High Production Costs
On Aug. 13, labor negotiations broke down between unions and the Chamber of Mines, which represents the major coal mining companies. Now the negotiations are being mediated, and the unions can legally strike if an agreement is not reached. The major points of contention involve wage increases and housing allowances. While the unions' demands and companies' offers vary, ultimately the companies will capitulate to the unions, resulting in higher production costs.
Higher production costs, in turn, affect the rest of the South African economy. They have hit Eskom, the national electric utility, particularly hard. For the fiscal year ending March 31, Eskom's primary energy costs rose by about 36 percent, with coal responsible for more than half of that increase. This follows increases in previous years.
Moreover, Eskom's production cannot meet demand, forcing the utility to invest in two new 4,800-megawatt thermal power plants, both of which will be among the world's largest coal power plants. One plant, the Medupi Power Station, was expected to be online already, but construction strikes and other problems have made the project much more expensive — from 50 billion rand (roughly $4.9 billion) to about 150 billion rand — and have delayed its operations.
Notably, after apartheid and the transition to democracy, the ruling African National Congress needed to subsidize industry, mining and the delivery of electricity to the black population, its critical support base. This delayed market forces from acting swiftly on energy prices until now.
All these factors have contributed to Eskom's need to transfer energy costs onto consumers, and it has raised the price of electricity accordingly. It has raised prices by about 15 percent per year since 2008, and it tried to raise them even more in 2013. However, the National Energy Regulator of South Africa forced it to agree to an increase of only 8 percent.
In any case, Eskom estimates that it needs to double electricity prices by 2018. Electricity prices in South Africa already are roughly the same price as those in France and the United States, and higher than those in Canada and Sweden. Electricity prices are expected to surpass those of the United States in 2014, and Eskom is already planning to attempt to increase electricity prices 16 percent for the next few years. High electricity costs have squeezed the industrial and construction sectors, effectively eliminating any benefits the country enjoys from cheap labor costs. This is one reason that South Africa probably will not benefit from the manufacturing leaving China.
This directly affects South Africa's automobile sector, which is energy intensive and accounts for 6 percent of the country's gross domestic product. High electricity costs prevent it from raising wages for its employees, who currently are demanding 20 percent wage increases (though they would probably settle for 10 percent). The same dynamics are playing out in other mining sectors, including platinum, which is very expensive to refine.
Forced Intervention?
This cycle — whereby companies constantly raise wages as energy prices soar — is problematic for the South African economy. Already it has affected some specific mining sectors, such as platinum, where several mining companies are downsizing their South African operations due to higher domestics costs and a tough global commodity market. Various government officials have proposed ideas to resolve the problem, including nationalizing certain sectors, increasing regulation and control on labor negotiations, and declaring coal a strategic asset.

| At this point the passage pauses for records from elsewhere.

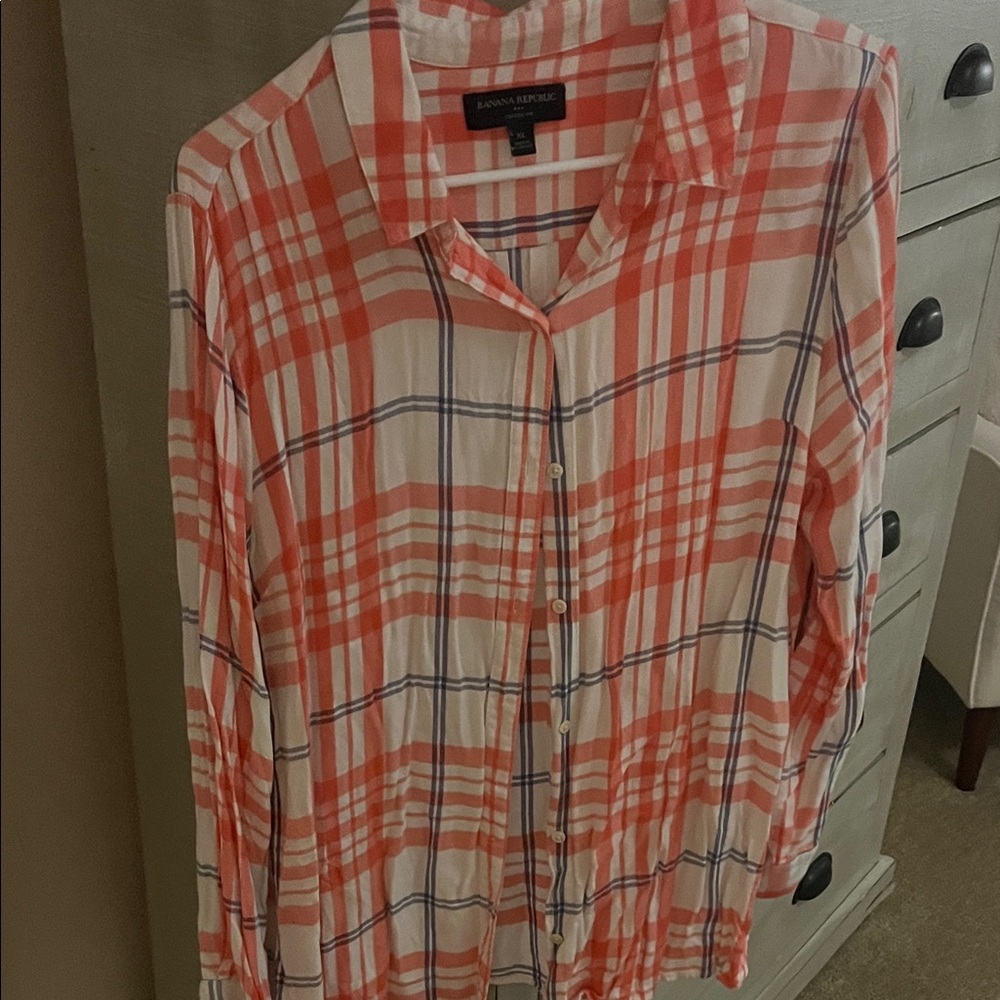 Banana Republic Coral and White Plaid Shirt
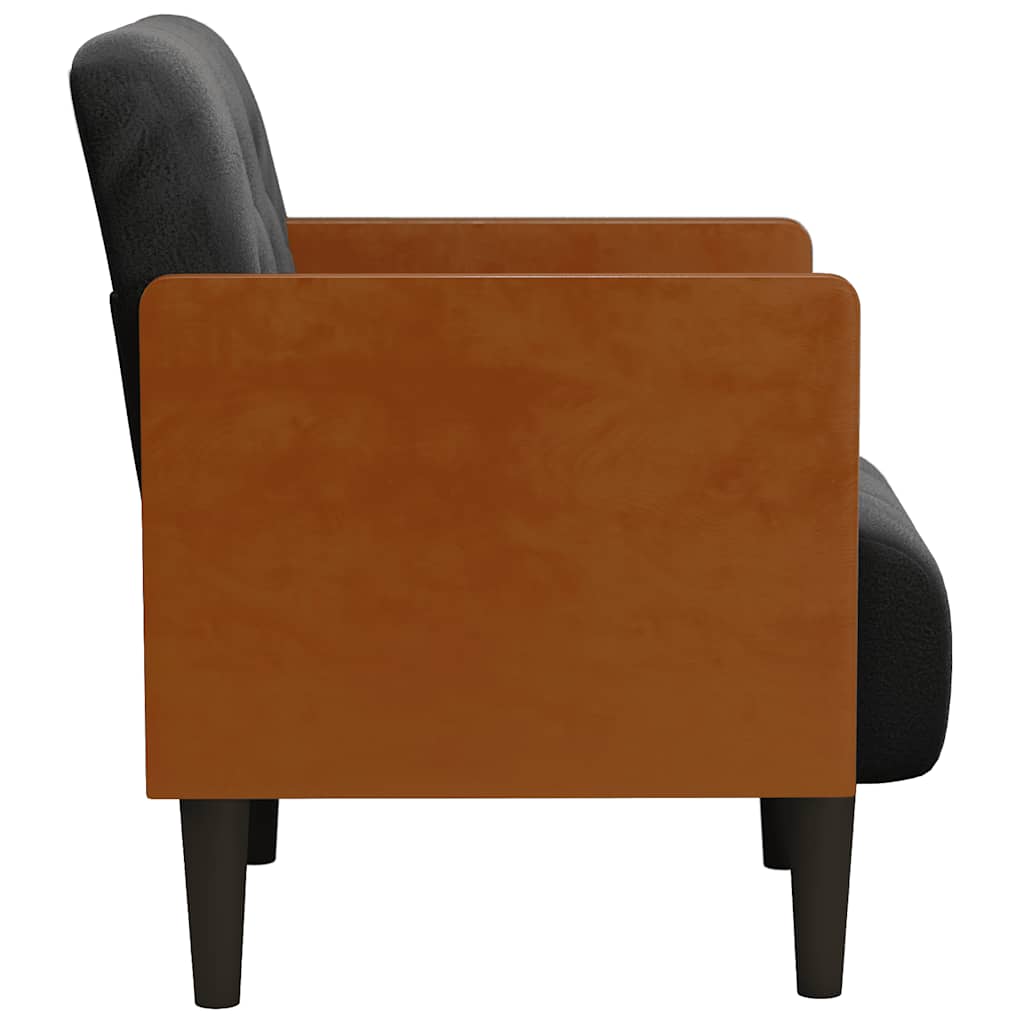Fauteuil avec accoudoirs noir 55 cm velours - XIOS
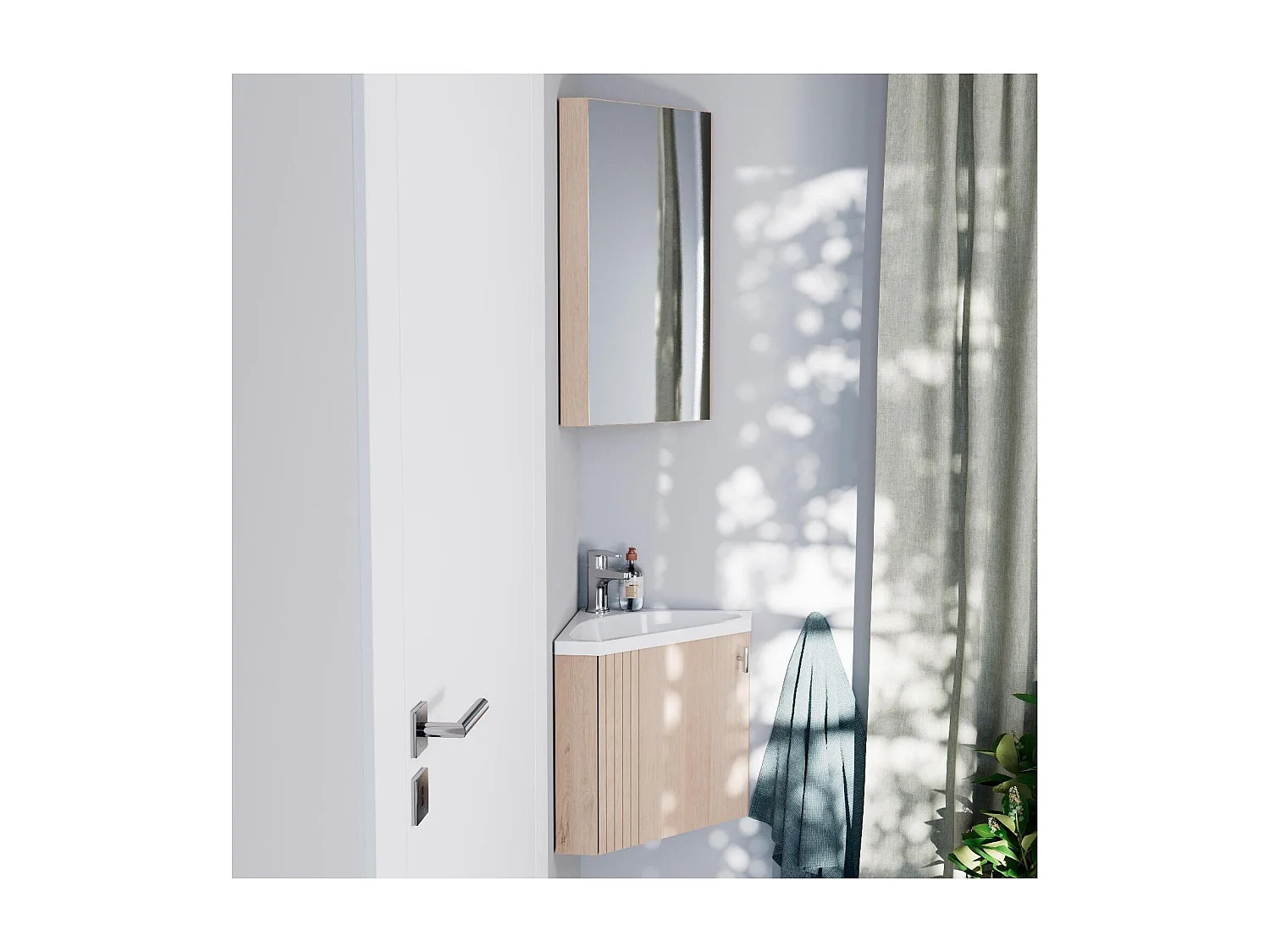 Ensemble lave-mains d'angle décor chêne avec armoire de toilette d'angle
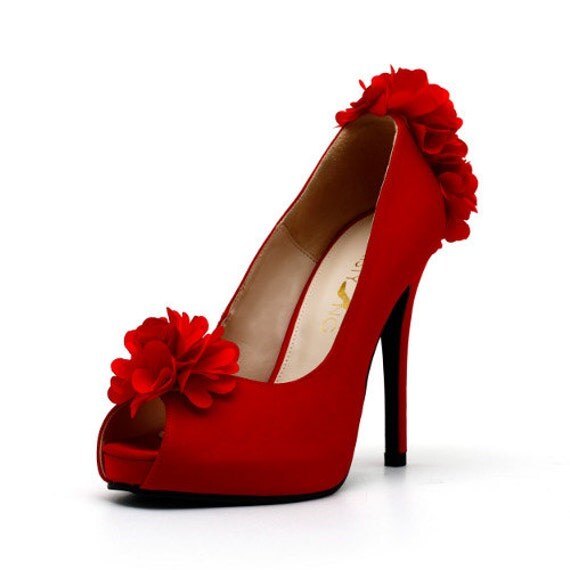 dark red satin shoes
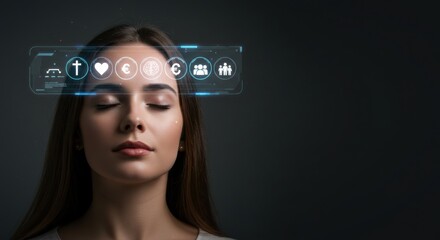Woman with closed eyes and digital interface displaying icons above her head. Concept of choosing life values and priorities.
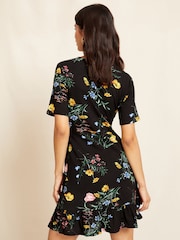 Friends Like These Black Floral Print Short Sleeve Ruffle Hem Jersey Mini Dress - Image 2 of 4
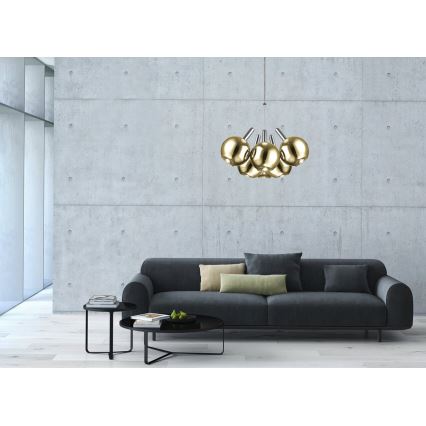 LED Chandelier on a string BALLS 6xLED/5W230V gold/matte chrome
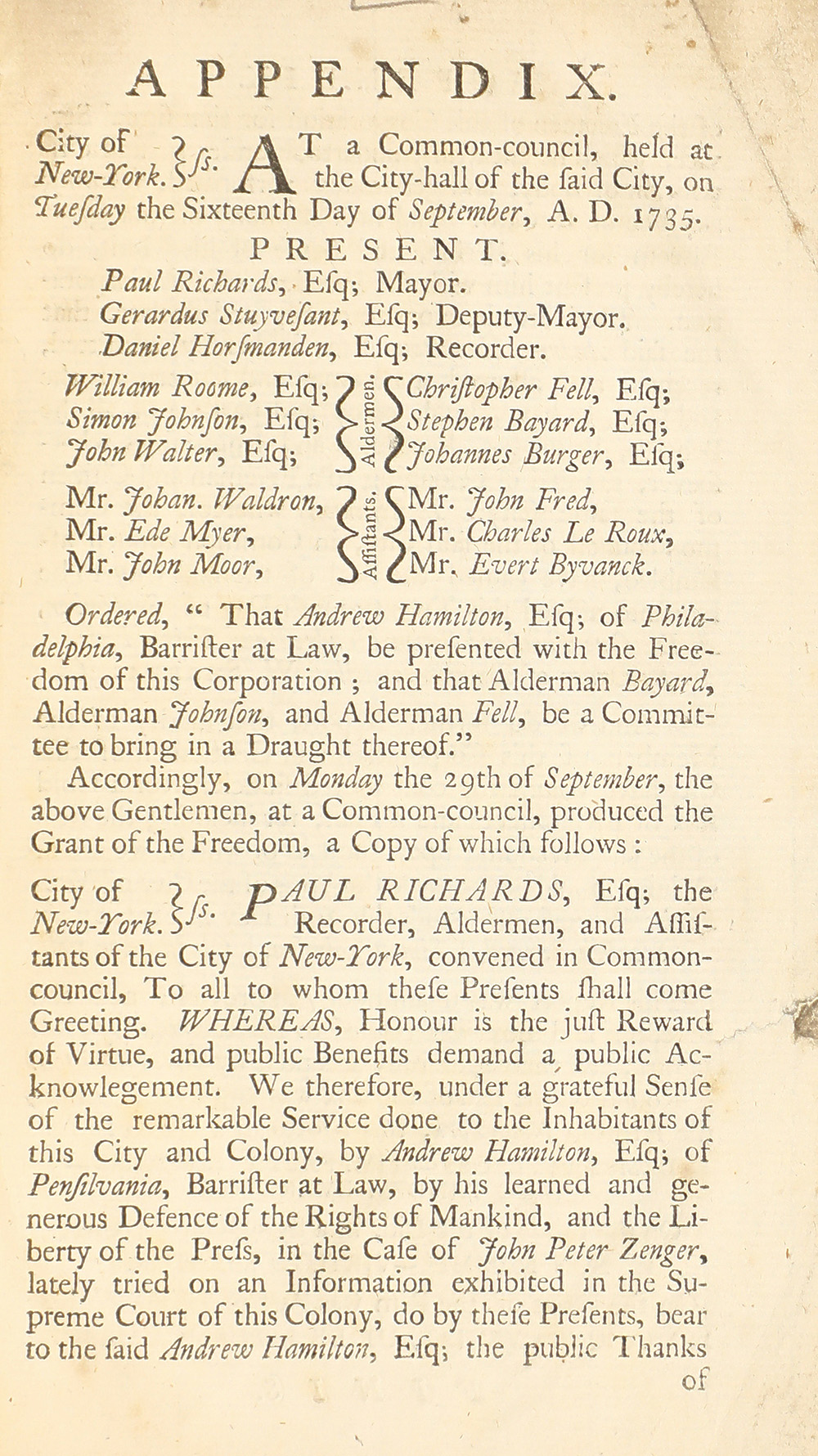 The trial of John Peter Zenger, of New-York, printer, who was tried and acquitted, for printing and publishing a libel against the government : with the pleadings and arguments on both sides page 79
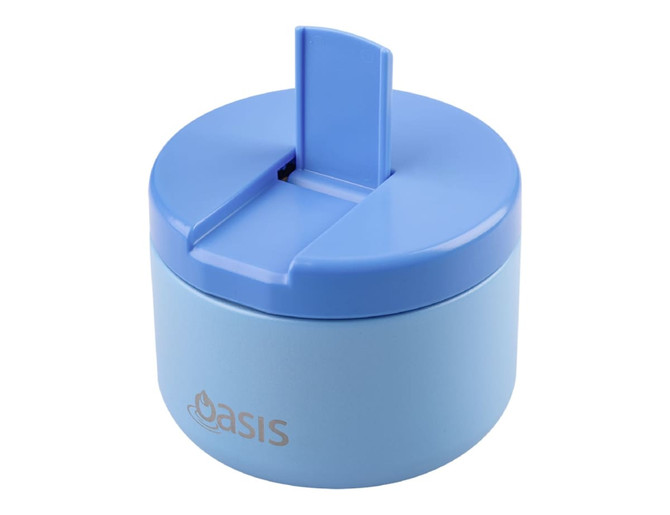 A drink bottle in light blue with a quick-release lid and branding on the side.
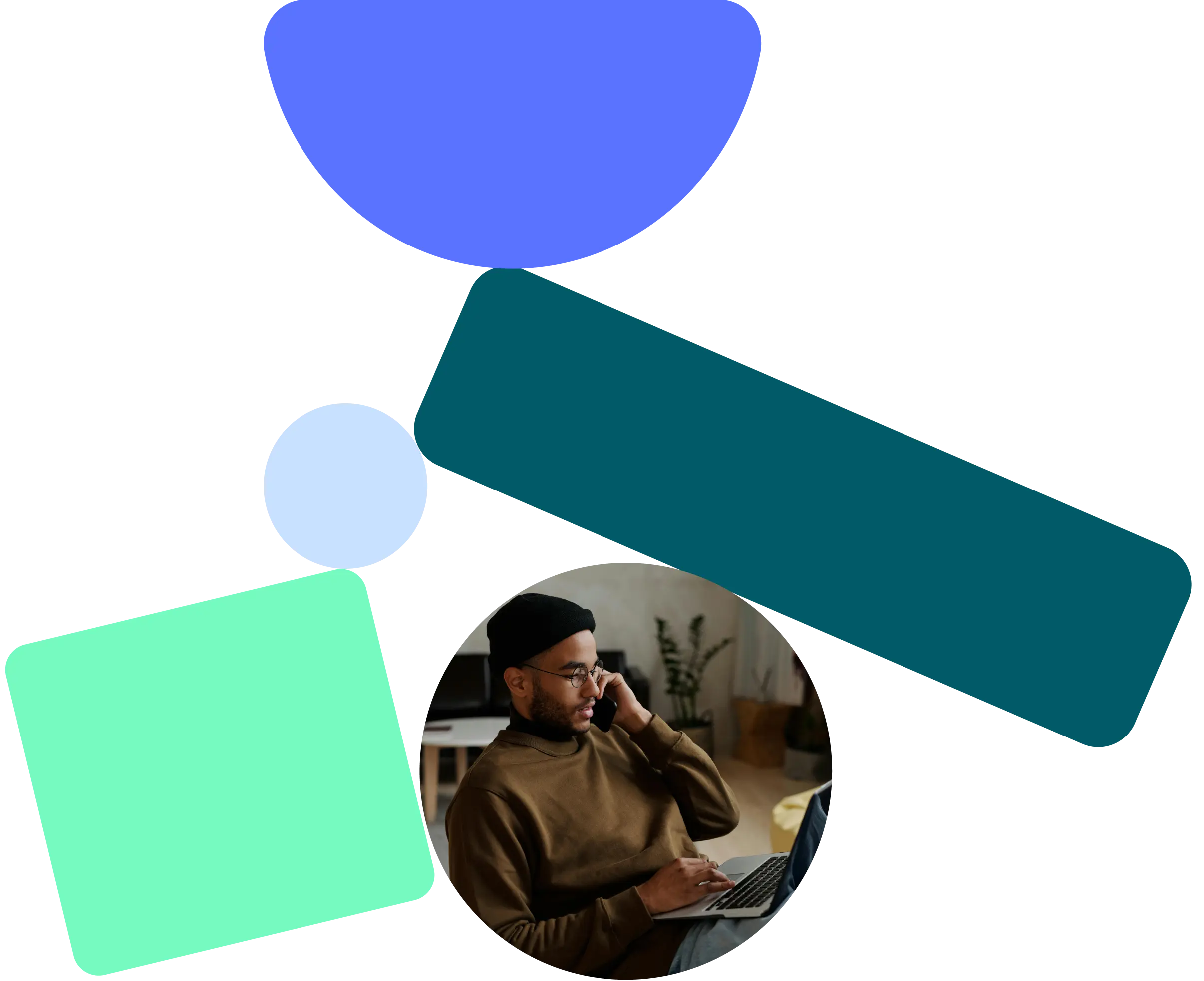 A person on a phone call while using a laptop, surrounded by abstract, colorful shapes.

However, imposing measures that disrupt the annual wage increases could work against the African National Congress. The party was first elected in 1994 to succeed the apartheid government, and its constituents are mostly black South Africans, many of whom work in the sectors most prone to strikes. While the African National Congress' authority has not been threatened yet, it will not condone a course of action that would expose it to criticism from a rival party.
But demands from laborers will not be tolerated if they threaten South Africa's economic health. The African National Congress will have to tread lightly as it intervenes, making sure it does not lose support for acting against the interests of its constituents or for not being able to control the economy.
The African National Congress will conclude that the mining community can bear these additional costs; coal companies' profit margins will likely validate this belief. The party will also calculate that it will still receive foreign investment in its mining sector, which may be able to absorb the increases in cost. Mining companies will argue about profit margins and corporate shareholder concerns, but the government and its constituents will cite investment activity as a basis for extracting a few more concessions from the companies. However, if labor and energy costs continue to increase by 10-15 percent annually, Pretoria may well be forced to intervene on behalf of the economy.
For the mining sector, problems may be compounded by slowdowns in China and other major economies, which in turn translates to lower commodity prices. Going forward, mining companies will be stuck with increased pressure from Pretoria and workers on one side and with sluggish commodity prices and revenue on the other.